I have to feed at meal times as I have a springer spaniel alos and she would just eat everything so can't leave food.


----------



## lady amanda (Nov 26, 2010)

not leaving food is good! well if a little wet food is what it takes you can do that if you are okay with it....it is not likely he would let himself starve...that being said....lady was on the skinny side, and i was told she needed to eat more.


----------



## pauleady (Mar 11, 2011)

I use dry food but add water. It gives it a kind of 
gravy and Bailey scoffs it!


----------



## MillieDog (Jun 1, 2011)

Millie has I guess always been a dog who goes off her food.

It started with her being given Royal Canine kibble from the breeder, she ate it a bit, but gradually she was eating less and less and seeming uninterested in it. We then tried switching to Hills Science Plan which the vet gave us, she liked it for a week and then the same again. We switched to Arden Grange and again like it for a week or so and went off ot it. It was pitiful watching her struggle to eat yet not enjoy it.

Then at 5 months after hubby said he too was concerned about her lack of eating, I read up on here about raw feeding and the Barf diet. After reading all I could on it I decided to give it a try. I went for Natural Instinct as it is fully balanced and no prep to do.

From day one she loved it straight away, eating two meals a day. Since Christmas however, she has turned her nose up at it, probably because everyone was sneaking her delicious Christmas ham, turkey, beef the lot  

I have come to the conclusion that if she's not hungry she just wont bother eating. On average out of 14 meals a weeks (2 per day) she will refuse 4 of them. Sometimes I serve the food as it comes, other times I may add a little extra of our left over food, ie chicken. I've also swapped to NI's Country Banquet food as well as their standard food just so she has lots of variety.
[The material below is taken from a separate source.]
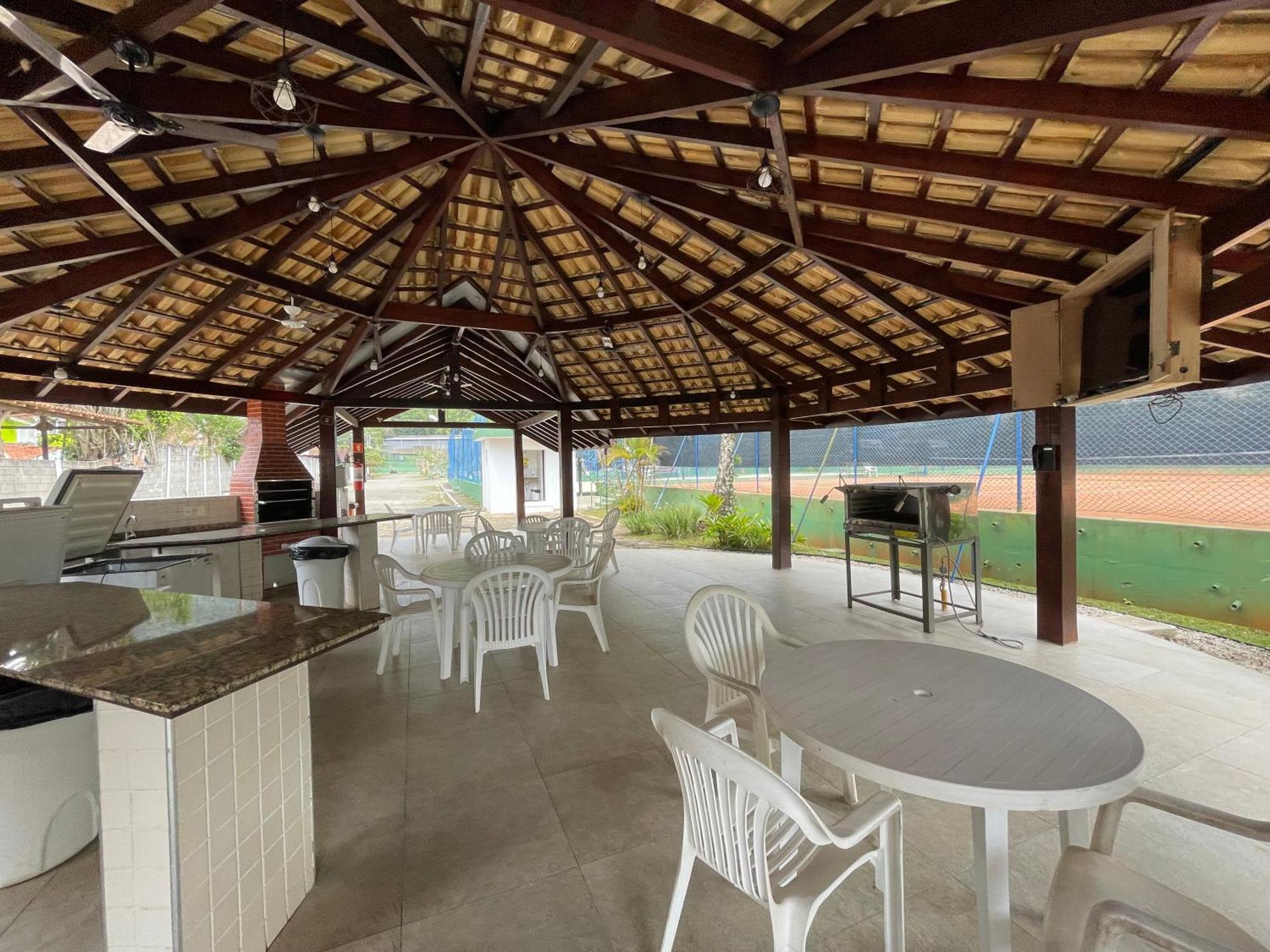 Condominio Wembley Tenis Praia Das Toninhas J406 Ubatuba Bagian luar foto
I just think some cockapoo's are a bit more fussy eaters and don't overeat just because they can.


----------



## Emma (Apr 29, 2011)

Maggie is fussy. Will sometimes eat the lot. Other times picks at it and walks away. If u are worried ask ur vet. I have made several visits to the vet about maggies eating, or lack of it and we have come to the conclusion that if she is hungry she will eat. 
I think u have to avoid the temptation to pander to it. Put food down for half an hour and remove if its ignored. Be consistent. Emma x


----------



## Kodysmom (Feb 11, 2012)

Kody is 5 .5 months and tend to go off his food alot. It started around 3 months when he started teething. We tried adding water, chicken broth and soft food. After two days of eating well he would go back to sniffing his food and walking away. At one point I tried switching his food but he had no interest in the new kibble. I used to be really concerned however now I just put the food down and if he doesn't eat after 30 minutes I take it up. He goes back to the vet on the 23rd so I will bring this up tp get an experts opinion. I really just think cockapoos are fussy eaters.


----------